Within the past few months, though, there's been a lot of talk about making cuts to the SMART bus service in metro Detroit. Even when I was voting absentee from Saginaw, I paid attention to what was going on with the bus system; public transit has always been really important t me. So this time, I really did my homework. And I discovered that my own route to and from school would be eliminated.

Actually no, I should rephrase that. The route itself won't be eliminated. But it will end before the Detroit city limit. And I use it to get to downtown Detroit. Isn't that mainly what everyone else uses it for, too? The route passes through the financial district before continuing on to Wayne State.

These changes will officially go into effect on Monday, December 12.

I can't blame myself for this. I spoke the fuck up: posted about it on Facebook, answered surveys put together both by SMART and Wayne State, signed petitions, and wrote letters. There was a rally organized by students at WSU, too; I missed it because I had to work. But the fact that they had one tells me that I'm not the only person affected by this.

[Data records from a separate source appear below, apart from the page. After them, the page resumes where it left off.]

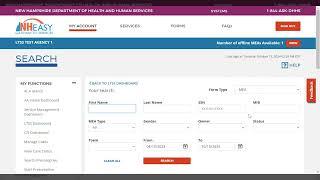 NH EASY Tutorial: LTSS Search Screens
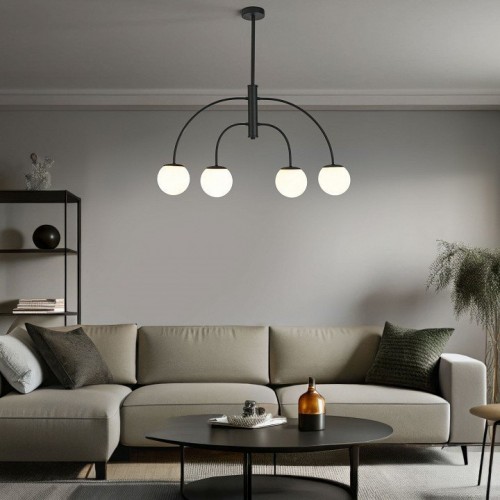 Потолочная люстра Eurosvet Cenacolo 30179/4 черный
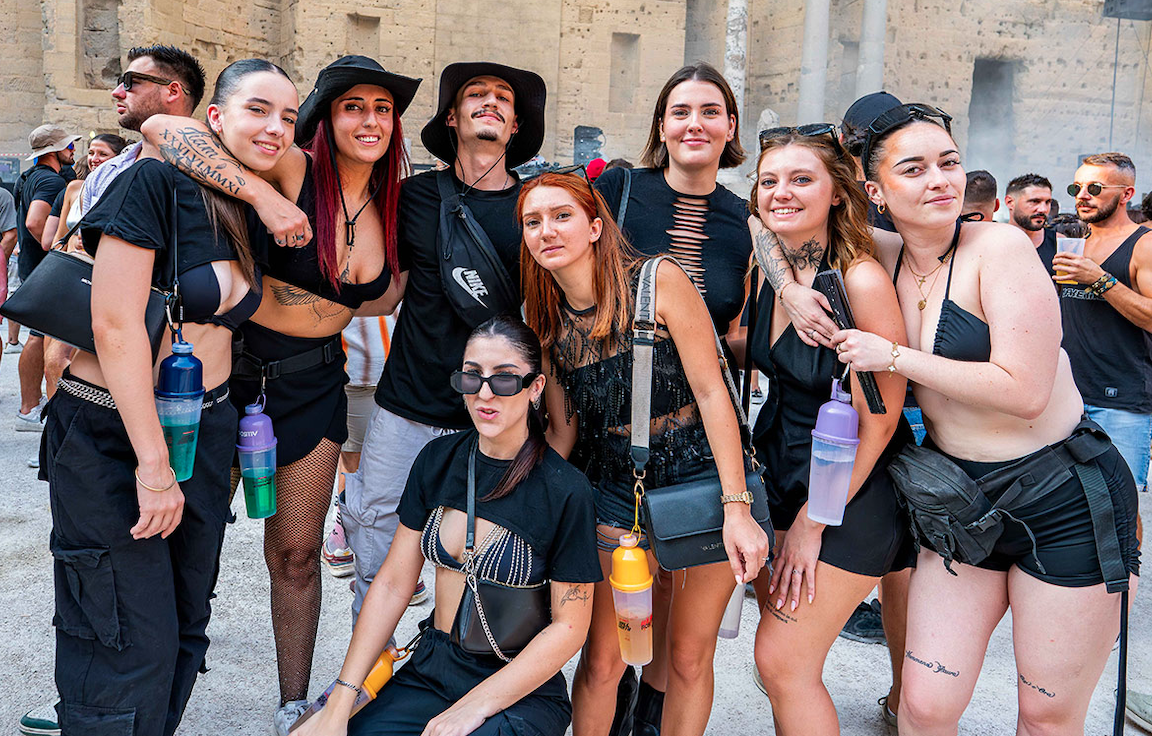 Groupe festivaliers avec Botcup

What they're telling us to do is transfer to DDOT, the bus system that runs solely within the city of Detroit. But that will be a huge hassle, especially given that my previous route went straight to Wayne State. I'd not only be transferring buses, but bus systems. That would undoubtedly make the commute even longer than it already is. And don't even get me started on the issue of overcrowding. DDOT is facing its own set of cutbacks, and won't easily be able to accomodate all the SMART riders from the 'burbs who would need to transfer over.

So now I'm just really bummed out. And I'm not sure where to go from here. I guess I could find myself a cheap car, but, as I've said, I hate driving and have no desire to own a car: maintenance, gas, and parking at Wayne are all expensive.

But what choice do I have? Society makes me feel shitty enough for being in my 20s and living with my parents; I don't want to rely on them for transportation, too. And besides, they've got their own places to be and won't have time to drive me to and from school each day.

My friends keep telling me to move to Detroit; they know how much I dislike living in Grosse Pointe. But even though it's a bit of a commute (twenty minutes by car; more like thirty-five by bus), I don't have to pay rent here. And I have a job here, too. So I have a number of decent reasons to stay.

Please correct me (and help me raise hell) if I'm wrong about this, but I get the vibe that people around here are way more complacent than they should be about bus cuts. Detroit is notorious for its inadequate public transit. But one of the things that I think makes a big city thrive is access to these services. And we've clearly got the foundation already; I've proven that by managing to get around pretty much solely via bus. By making these cuts, we're destroying something that we should only be building upon.